• [Activity]: Setting aside any pictures, reproduce the data exactly.

BEGIN Supplied records

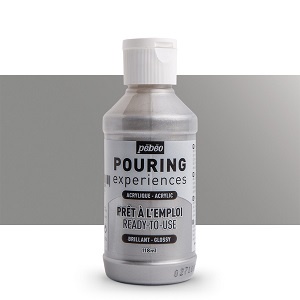 

Gramedia Bandung - Pebeo Pouring experiece Silver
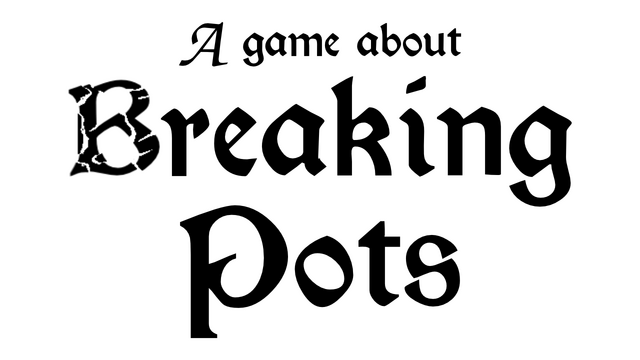 A Game About Breaking Pots logo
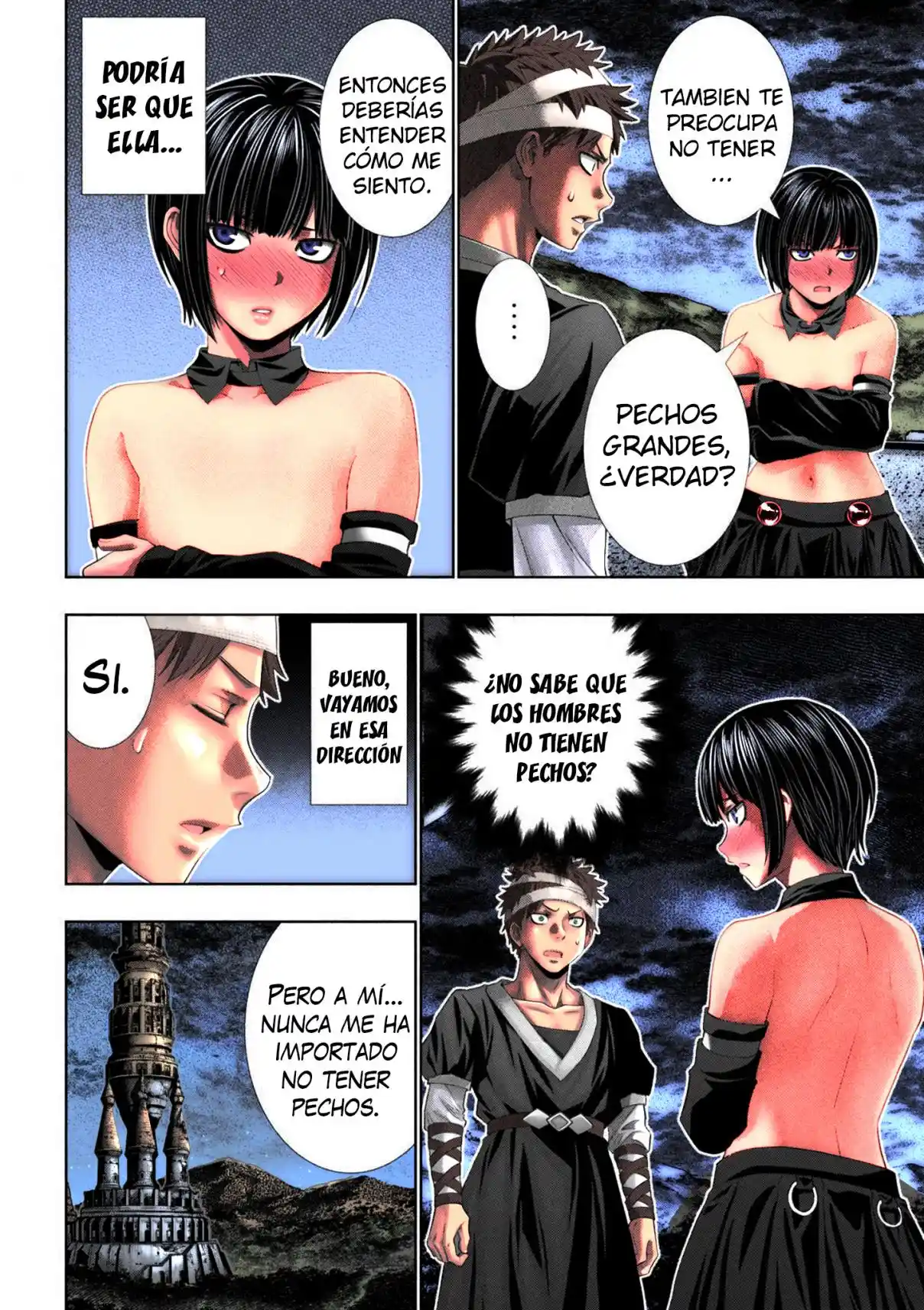 Parallel Paradise capítulo 330, página 11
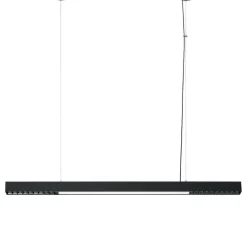 Sklep Kaja Czarna listwa LED nad stół 120cm LP-1301/1P L BK SMART CALI L | Kaja Best Sale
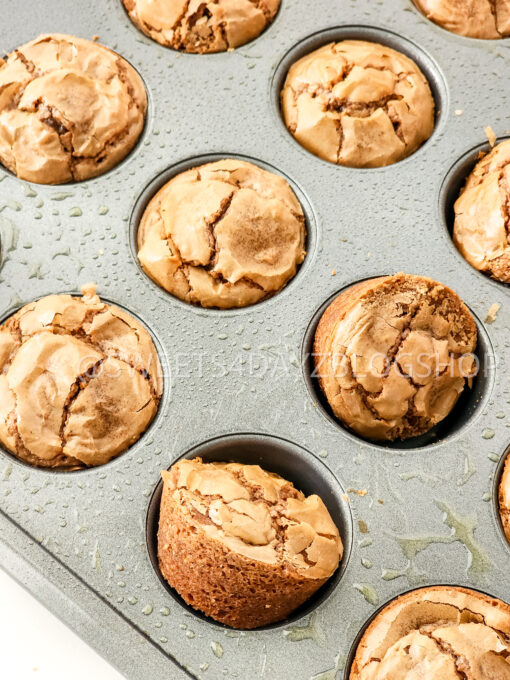 5-Ingredient Brownie Bites on White - Image 2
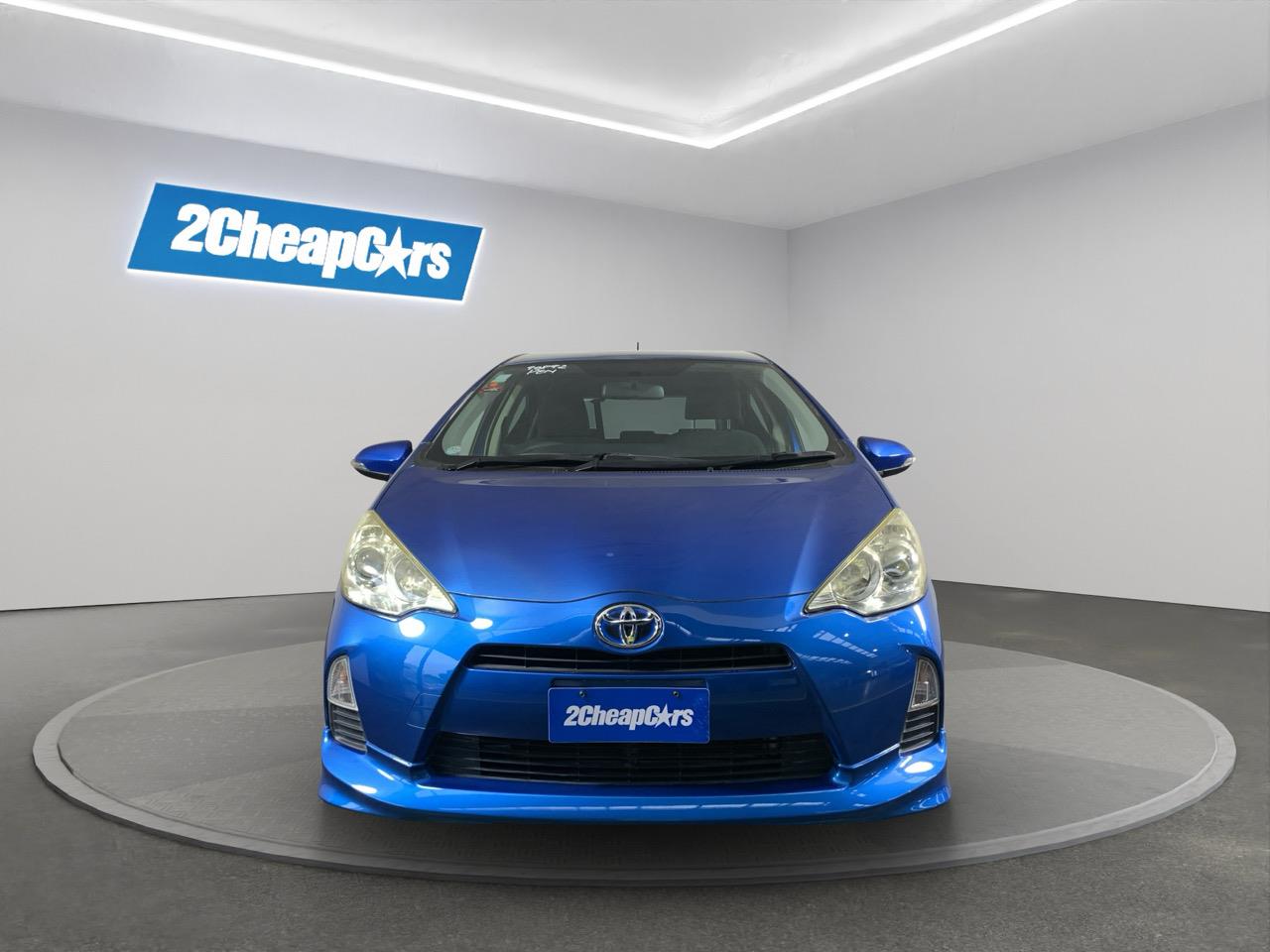 2013 Toyota Aqua S Hatchback PUSH BUTTON START + AUTO LIGHTS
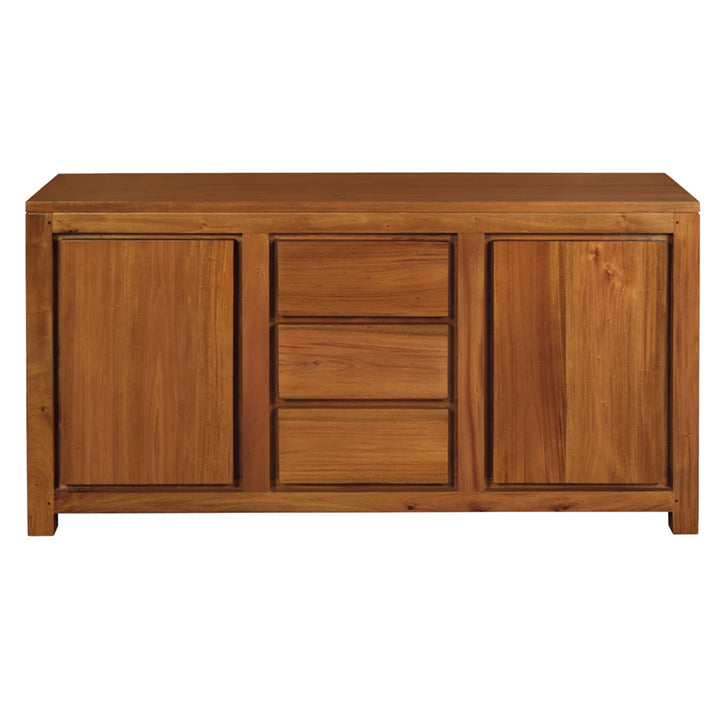 Katoomba Solid Mahogany Timber 2 x 3  Buffet - Caramel
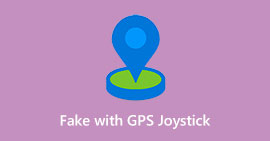 Falsk med GPS-joystick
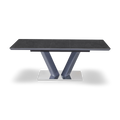 Yannis Mable Stone Extend Dining Table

END Supplied records

• [Task solution]:
Gramedia Bandung - Pebeo Pouring experiece Silver
 A Game About Breaking Pots logo
 Parallel Paradise capítulo 330, página 11
 Sklep Kaja Czarna listwa LED nad stół 120cm LP-1301/1P L BK SMART CALI L | Kaja Best Sale
 5-Ingredient Brownie Bites on White - Image 2
 2013 Toyota Aqua S Hatchback PUSH BUTTON START + AUTO LIGHTS
 Katoomba Solid Mahogany Timber 2 x 3  Buffet - Caramel
 Falsk med GPS-joystick
 Yannis Mable Stone Extend Dining Table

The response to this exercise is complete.